Rosie Jones fans 'in tears' and 'mad as hell' as she opens up about ableism in documentary

The comedian explored online trolling in the programme

Rosie Jones in Rosie Jones: Am I a R****d? (Channel 4)
Rosie Jones in Rosie Jones: Am I a R****d? (Channel 4)

Rosie Jones fans said they were "in tears" and "mad as hell" after watching her moving documentary about the abuse faced by her and other disabled people.

The comedian, who has cerebral palsy, explored online trolling and ableism - the discrimination of and social prejudice against people with disabilities - in Rosie Jones: Am I A R****d?

It saw Jones sharing some of the abusive and ableist comments she has received on social media, including threats of violence.
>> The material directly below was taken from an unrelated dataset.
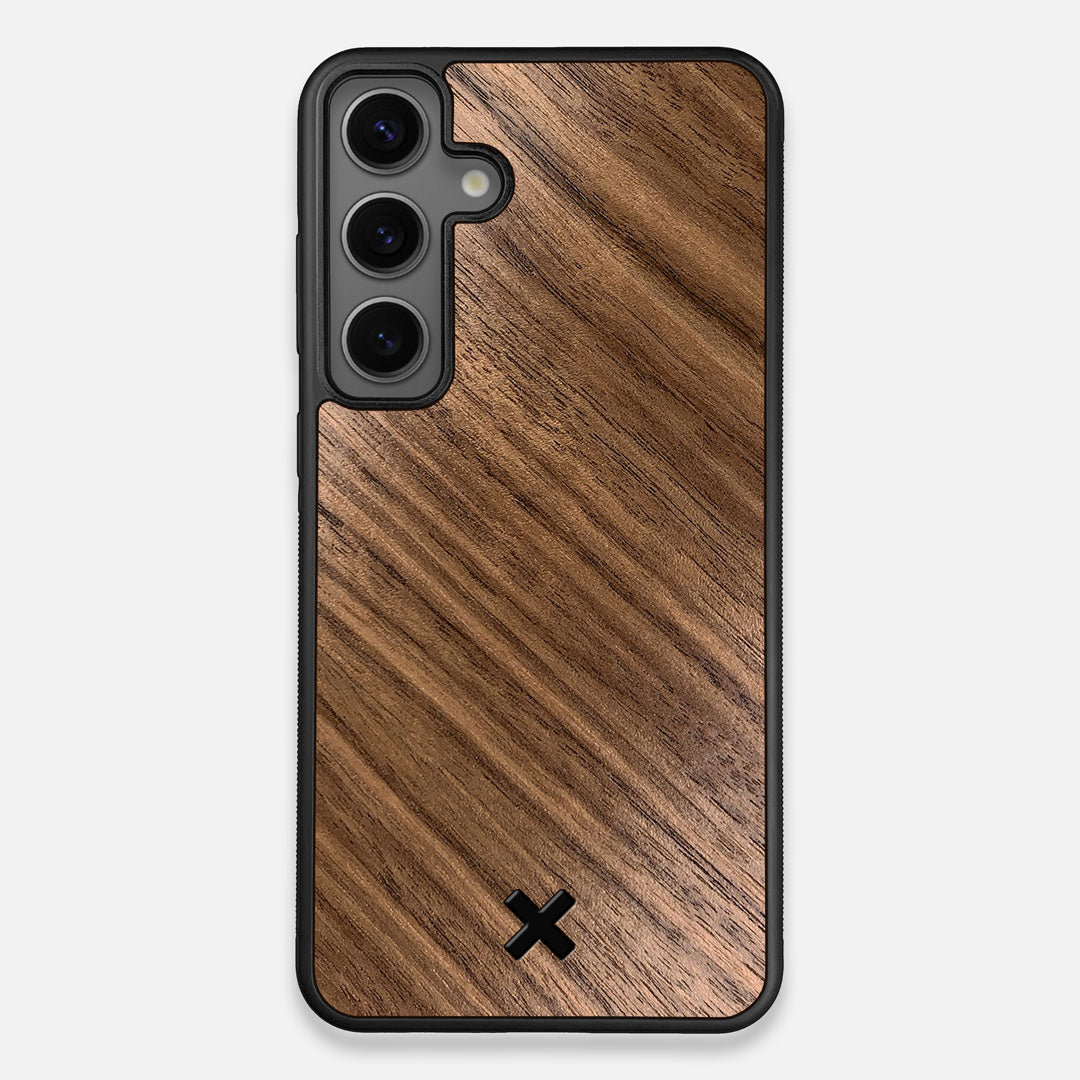 Front view of the Walnut Pure Minimalist Wood Galaxy S24 Plus Case by Keyway Designs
Read more: Rosie Jones defends controversial title of her upcoming Channel 4 documentary

The documentary aired on Channel 4 on Thursday (20 July) and many viewers said they were left upset and angry.
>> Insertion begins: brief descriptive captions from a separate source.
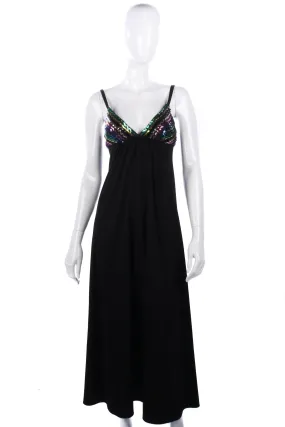 Quad Black Dress with Rainbow Sequinned Detail UK Size 8/10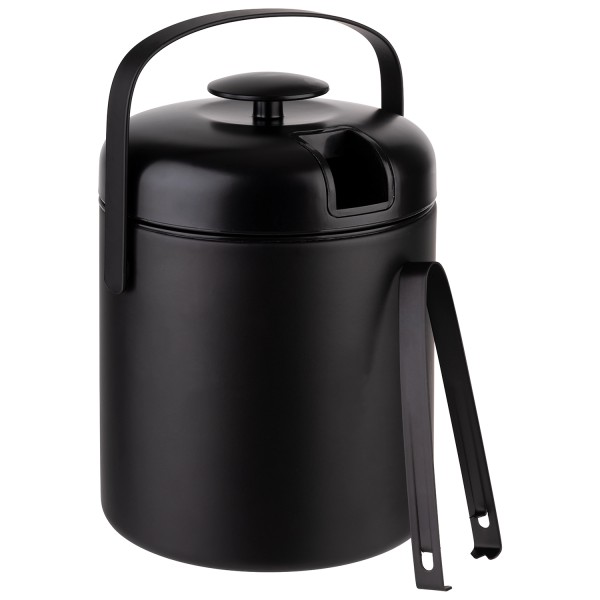 Set Eiseimer mit Eiszange, D14cm, H22cm, 1.3lt, schwarz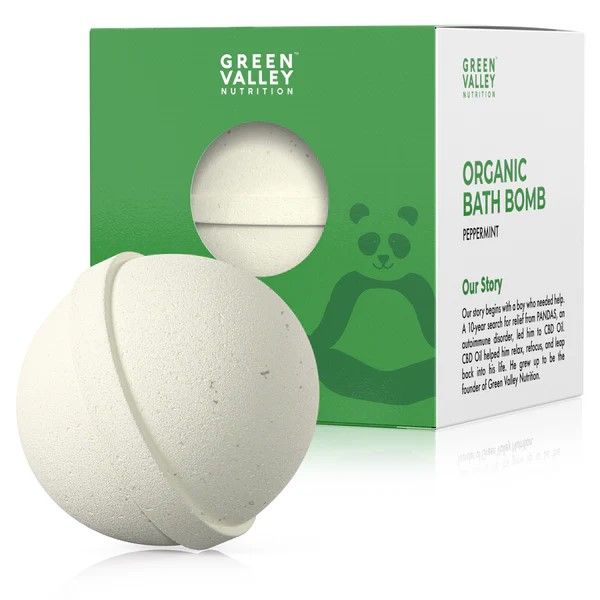 CBD Organic Bath Bombs, Type: Peppermint &amp; Green Tea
Pictured: Rosie Jones and Joel Bailey ..Arwen Co-Founder look at abusive social media.. - Rosie Jones: Am I a R*tard? (Channel 4)
The star opened up about the abuse she faces. (Channel 4)

"Dear Rosie, only a quarter of a way through your programme about ableism and I'm mad as hell for you and in tears," one tweeted.
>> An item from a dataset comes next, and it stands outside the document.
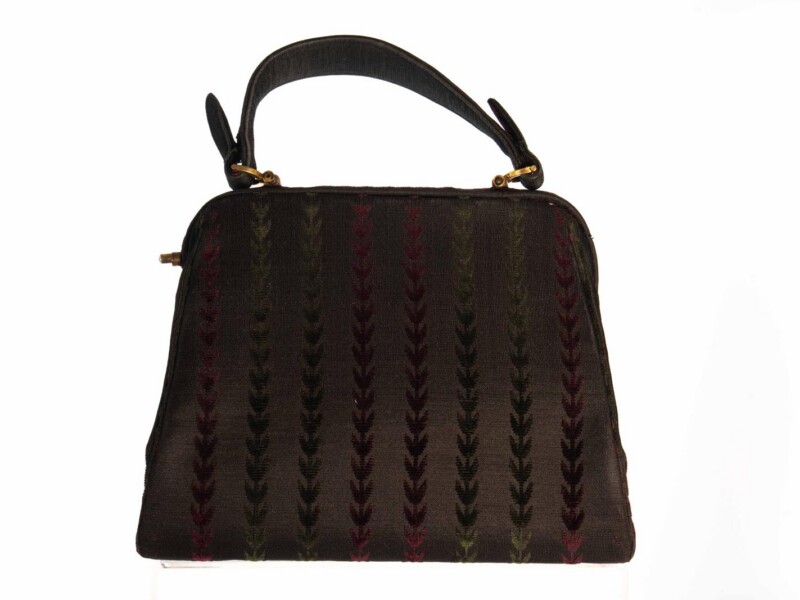 Borsa vintage Roberta di Camerino a Mano in velluto Sovrarizzo e disegno verticale Viole e Verde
"I was moved to tears by this, definitely not an easy watch," said another.

"But we need more voices like Rosie's in this world, I hope this inspires change and ends online abuse."

"How awful for her, proper eye opening programme, people are pure evil," said someone else, who urged the star: "Keep being you!!"

"Watching the #RosieJones documentary and I’m so angry," said someone else.

"I can only assume that like all bullies, these trolls are cowards and for the few seconds they are posting feel a power and control they don’t possess in their life away from social media. Rosie’s amazing."

What do social media platforms say about ableism?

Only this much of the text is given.